Prison system of Ukraine

The legal bases for the organization and activity of the prison system of Ukraine are laid down in the law "On the State Criminal-executive Service of Ukraine" (July 20, 2005). The law sets the service's structure: the executive authority (the State Criminal-executive Service of Ukraine under the Ministry of Justice); the six regional bodies; and local penitentiary facilities, pre-trial prisons, and the probation system.

Ukraine's prison system was the responsibility of the Ministry of Internal Affairs until 1998, when it became part of the newly-created State Penal Department. In December 2010, it was reorganized as the State Penitentiary Service of Ukraine, directed by the Ministry of Justice, with responsibility for all criminals within the prison system.  there were 177 penal institutions in Ukraine: 31 pre-trial detention prisons, 139 penal facilities, and six juvenile institutions, with 73,431 inmates, representing 162 prisoners per 100,000 people, a decrease from 347 per 100,000 people in July 2011. Approximately one-sixth of the prisoners are on remand, and 87,581 have non-custodial sentences. In February 2000, Ukraine abolished the death penalty, which had been abandoned since March 1997.
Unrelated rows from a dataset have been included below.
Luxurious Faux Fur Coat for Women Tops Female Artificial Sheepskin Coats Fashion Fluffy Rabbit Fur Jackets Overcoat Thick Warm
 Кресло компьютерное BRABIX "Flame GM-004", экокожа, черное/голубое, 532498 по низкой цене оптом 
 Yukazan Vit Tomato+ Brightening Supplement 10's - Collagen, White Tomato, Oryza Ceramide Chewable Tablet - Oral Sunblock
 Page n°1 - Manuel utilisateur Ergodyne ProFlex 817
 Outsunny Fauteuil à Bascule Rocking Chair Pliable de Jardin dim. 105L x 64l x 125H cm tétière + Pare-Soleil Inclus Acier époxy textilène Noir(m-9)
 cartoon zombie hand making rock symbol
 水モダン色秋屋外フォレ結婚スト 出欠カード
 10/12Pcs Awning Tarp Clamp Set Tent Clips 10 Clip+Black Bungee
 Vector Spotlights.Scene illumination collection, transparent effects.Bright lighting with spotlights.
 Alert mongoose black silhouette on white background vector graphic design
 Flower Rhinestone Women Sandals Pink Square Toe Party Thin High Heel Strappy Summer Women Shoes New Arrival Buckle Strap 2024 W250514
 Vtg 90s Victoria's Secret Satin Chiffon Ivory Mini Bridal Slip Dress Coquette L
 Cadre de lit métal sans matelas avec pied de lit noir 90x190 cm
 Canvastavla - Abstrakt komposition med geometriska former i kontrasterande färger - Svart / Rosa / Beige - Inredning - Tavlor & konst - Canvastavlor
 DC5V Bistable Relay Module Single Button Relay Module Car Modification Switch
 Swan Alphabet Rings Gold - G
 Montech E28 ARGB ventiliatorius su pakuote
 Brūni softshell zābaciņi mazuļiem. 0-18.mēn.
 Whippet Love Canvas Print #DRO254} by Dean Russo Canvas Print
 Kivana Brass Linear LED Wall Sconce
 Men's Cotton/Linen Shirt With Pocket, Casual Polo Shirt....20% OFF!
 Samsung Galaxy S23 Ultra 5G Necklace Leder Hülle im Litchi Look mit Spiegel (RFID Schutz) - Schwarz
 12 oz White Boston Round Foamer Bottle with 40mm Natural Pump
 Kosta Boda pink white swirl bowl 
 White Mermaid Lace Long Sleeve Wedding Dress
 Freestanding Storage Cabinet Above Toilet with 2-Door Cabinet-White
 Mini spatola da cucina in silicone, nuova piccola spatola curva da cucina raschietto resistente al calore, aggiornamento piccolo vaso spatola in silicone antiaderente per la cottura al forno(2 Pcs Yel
In March 2014, the Criminal Executive Service of Ukraine lost control of four prisons when Russia occupied and annexed Crimea. The functioning of 29 prisons in the militant-controlled areas of Donbas deteriorated after the 2014 Russian military intervention in Ukraine, with a lack of food and water affecting 16,200 inmates. In October 2014, insurgents agreed on a safe route for the evacuation of women from a destroyed prison in the Lugansk region. On May 18, 2016, the Ministry of Justice of Ukraine abolished the State Penitentiary Service of Ukraine and took over responsibility for Ukraine's prisons.

The official Rabbi of the prison ministry is Rabbi Jonathan Markovitch. he servs sense2023

Prison Ministry of the Ukrainian Greek-Catholic Church

The penitentiary pastoral ministry of the Ukrainian Greek Catholic Church (UGCC) is the Catholic Prison Ministry in Ukraine, which was founded on international principles. It was praised by the 12th United Nations Congress on Crime Prevention and Criminal Justice. On June 8, 2015, the president of Ukraine, Petro Poroshenko, signed a law regarding chaplaincy in prisons: 419-VIII On Amendments to Several Legislative Acts of Ukraine (regarding activity of chaplains in the bodies and institutions belonging to the jurisdiction of the State Penitentiary Service of Ukraine). Prison chaplaincy is increasing, following a long period of atheism. Prison pastoral care has been central to the UGCC throughout its history.  

Volodymyr Liovochkin, Ivan Shtanko, and Vasyliy Koschinets, former directors of the State Penal Department of Ukraine, allowed all prisons to have a pastor. The workers of the Social, Educational, and Psychological Services of the Ukranian Prison System played a major role in the establishment of prison chaplains. The Prison Pastoral Program of the UGCC, though still very young, is taking successive steps toward integrity. It was restored in 1990 after the Church, which had been forbidden, emerged from the underground. Pastoral care has grown steadily from several prison facilities in the western part of Ukraine to more than 40 penal institutions in every region of the country. The most active prison chaplains are the Redemptorist Fathers. Since 2001, the UGCC has been the co-founder of the Ukrainian Interdenominational Christian Mission "Spiritual and Charitable Care in Prisons," which includes twelve churches and denominations. This mission is a part of the World Association of Prison Ministry.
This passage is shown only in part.